### What you should do
What you return must match, exactly, the lines running from the one containing "Watches App cards" to the end of the data, both included, and must contain no pictures.

### Data below
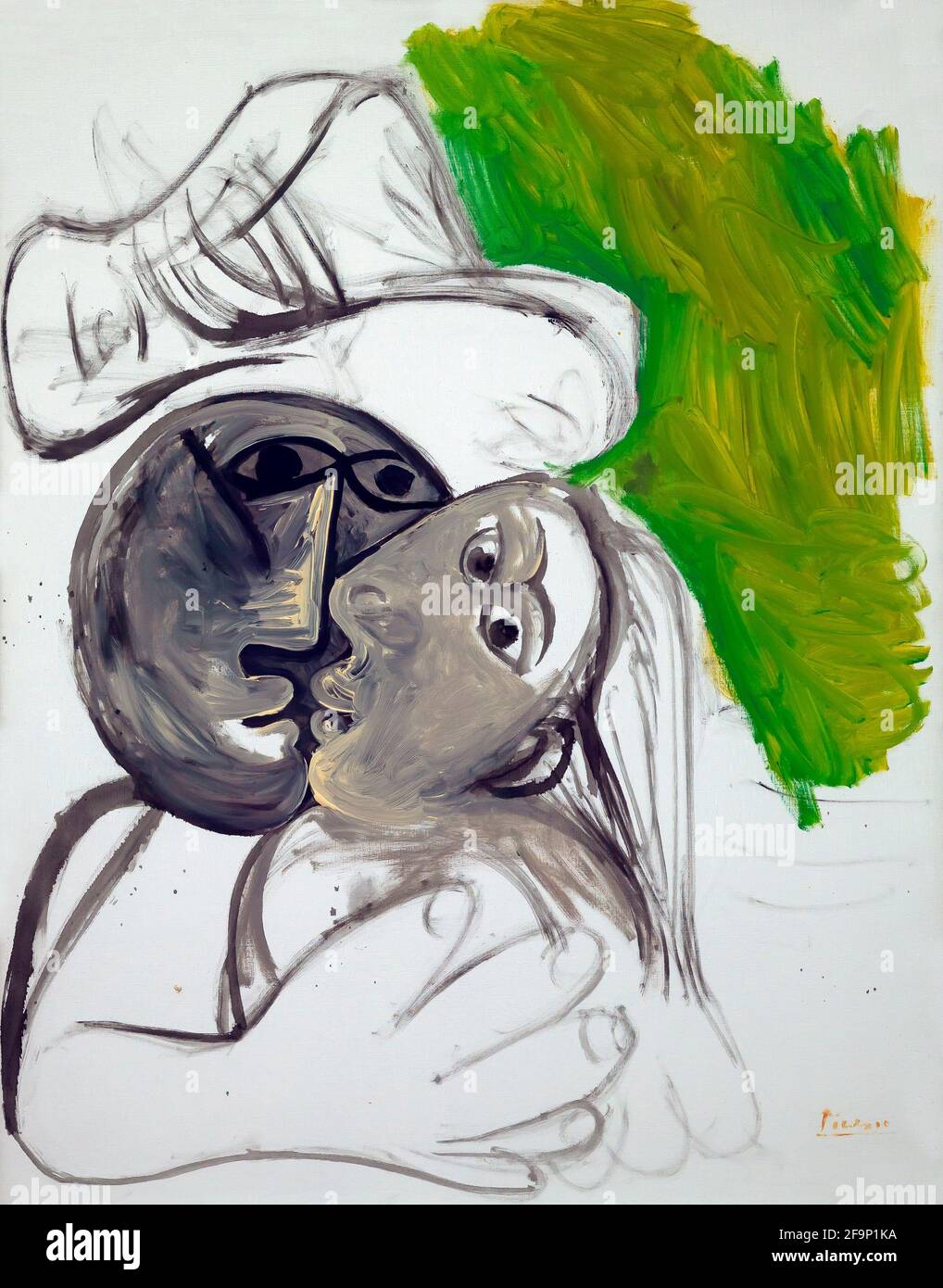 El beso, Pablo Picasso, 1969, Foto de stock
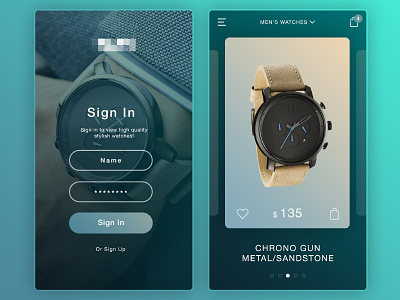 Watches App cards commerce design ecommerce interface market mobile shop ui ux watches web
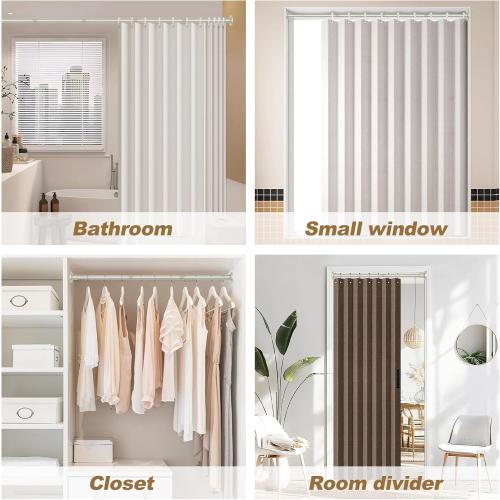 Brushed Nickel Shower Curtain Rods - 31-80 Inch Spring Tension Shower Rods for Bathroom, Adjustable, No Drilling, No Rust, Stainless Steel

### Task response
 Watches App cards commerce design ecommerce interface market mobile shop ui ux watches web
 Brushed Nickel Shower Curtain Rods - 31-80 Inch Spring Tension Shower Rods for Bathroom, Adjustable, No Drilling, No Rust, Stainless Steel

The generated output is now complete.